Tuesday 11 November 2014

My First Project: Jewellery Box - The Design

For my first woodworking project I decided to make a jewellery box as a gift for my mother on her birthday. I was inspired by a jewellery box design by Gary Rogowski as featured on this really cool video post by The Wood Whisperer - Marc Spagnuolo - another great woodworker I love to follow.

With that as the starting point, I had a few more constraints and considerations for my design. For one, after much struggle, I had managed to get a 4 1/2" W x 36" L plank of pine, a little under 1" thick, from a local plywood and hardware store. That was all the material I had to work with.

Secondly I wanted the lid to have a glass window, so that one could see inside without having to open it (Genius! I know...). This was more of a necessity for me because I had no where enough wood to glue up in to a board to make a wooden lid completely.

And lastly, I wanted to incorporate as many woodworking techniques as I realistically could in to the design so as to get a chance to work on them as part of the build.

This is the visualisation of the design I came up with. A much simplified version of Gary's original design.


Jewellery Box design visualisation. With the lid closed.
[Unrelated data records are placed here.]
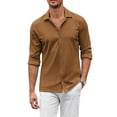 thumbnail image 1 of Coshow Mens Button Down Dress Shirts Business Casual Long Sleeve Wrinkle Free Blouses, 1 of 7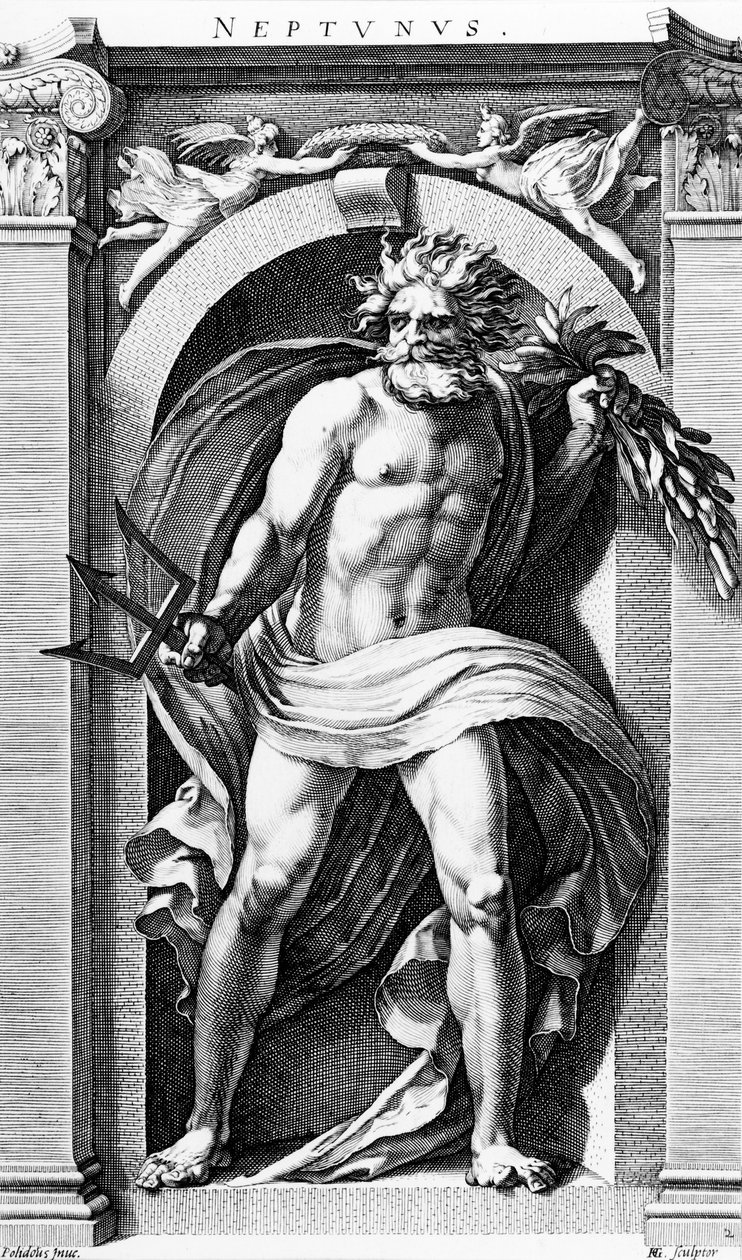 Neptun af Hendrick Goltzius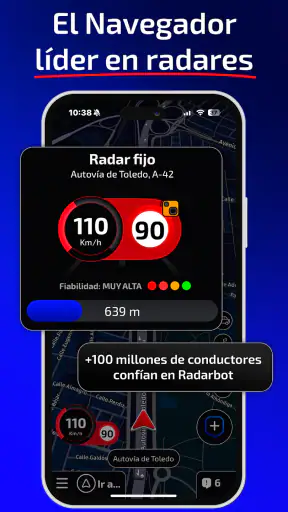 Radarbot: Avisador de Radares screenshot 1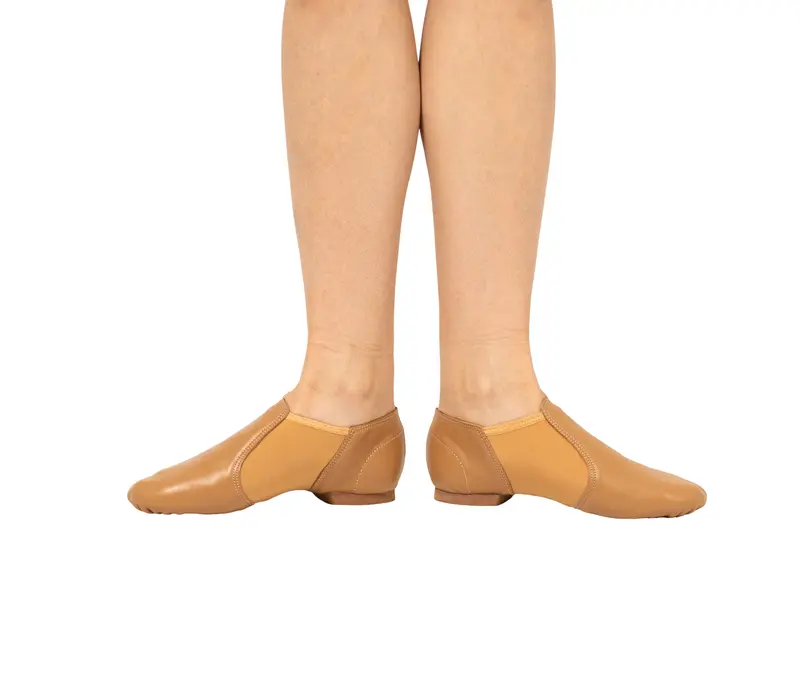 Dancee jazz slip on, buty do jazzu dla kobiet - Ciało - tan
With the lid open. Made the 3D model using SketchUp and rendered using Maxwell for ScketchUp.

The Cut List

I needed nine pieces at the minimum. Four for the box, four for the lid and one for the handle. Ideally I needed more for the inside partitions but after the main nine pieces I wouldn't be left with any material for them, so I decided to make them out of some 6mm MDF I had. This is how I laid the various parts out on my piece of pine. I made sure I kept between 1/8" to 1/4" margin everywhere.

The main nine pieces laid out.

The Box

I decided to make the box out of 1/2" thick pieces, just like Marc's build. That seemed like just the right thickness, not too heavy not too light. Two short pieces for the sides, and two long pieces for the front and back. They would be joined together using box joints with a single finger on the side pieces and two fingers on the front and back pieces.
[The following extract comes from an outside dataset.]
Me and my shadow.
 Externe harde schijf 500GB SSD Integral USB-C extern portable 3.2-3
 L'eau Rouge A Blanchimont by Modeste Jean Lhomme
The front and back pieces. Unlike the drawing the dados for the internal partition would be 1/4".

There would be rabbets along the bottom-inside of each of the four pieces to receive the bottom of the box (to be made out of the 6mm MDF).
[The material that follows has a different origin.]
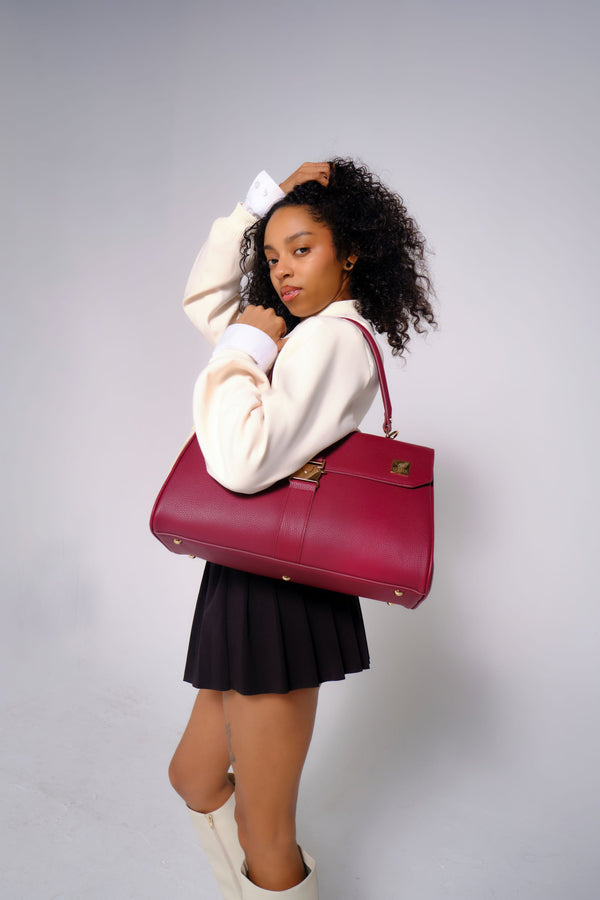 Abbott 38 Doctor Bag - Bordeaux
The side pieces. Again 1/4" dado instead of the 1/2
" in the drawing.

On the side pieces this rabbet would be through from end-to-end, whereas on the front and back pieces they would need to stop 1/4" shy of the end so as not to show through the box joints.

All four pieces would need dados to accommodate the internal partition pieces. The top of the box where the lid would rest, would receive a chamfer detail on its outside corner. The top of the box would also need mortices on the back piece for the hinges, something not shown on the drawing.

The Lid

For the lid I decided that the four pieces would be joined using mortice and tenon joints. I would have perhaps used a simple mitre joint to construct the lid, with a groove on the inside edge of each piece to hold the glass, almost like a picture frame. However I was tempted to try my hand at cutting a mortice and tenon.

I decided to have the side pieces span the entire width of the box, so that their end grain is visible on the front and back, and would kind of continue the alternating end-grain-long-grain pattern formed by the box joint on the box below (look at the visualisation above with the closed lid to see what I mean).

Front and back pieces of the lid. With a through rabbet to receive the glass.

Side pieces of the lid. Stopped rabbet to receive the glass.

Additionally, I decided to use rabbets instead of grooves/dados to hold the glass. I would have the rabbets face towards the box when the lid is in the closed position, the glass would sit inside these rabbets and then I'd have four little triangular pieces on the corners of the lid frame holding the glass in place.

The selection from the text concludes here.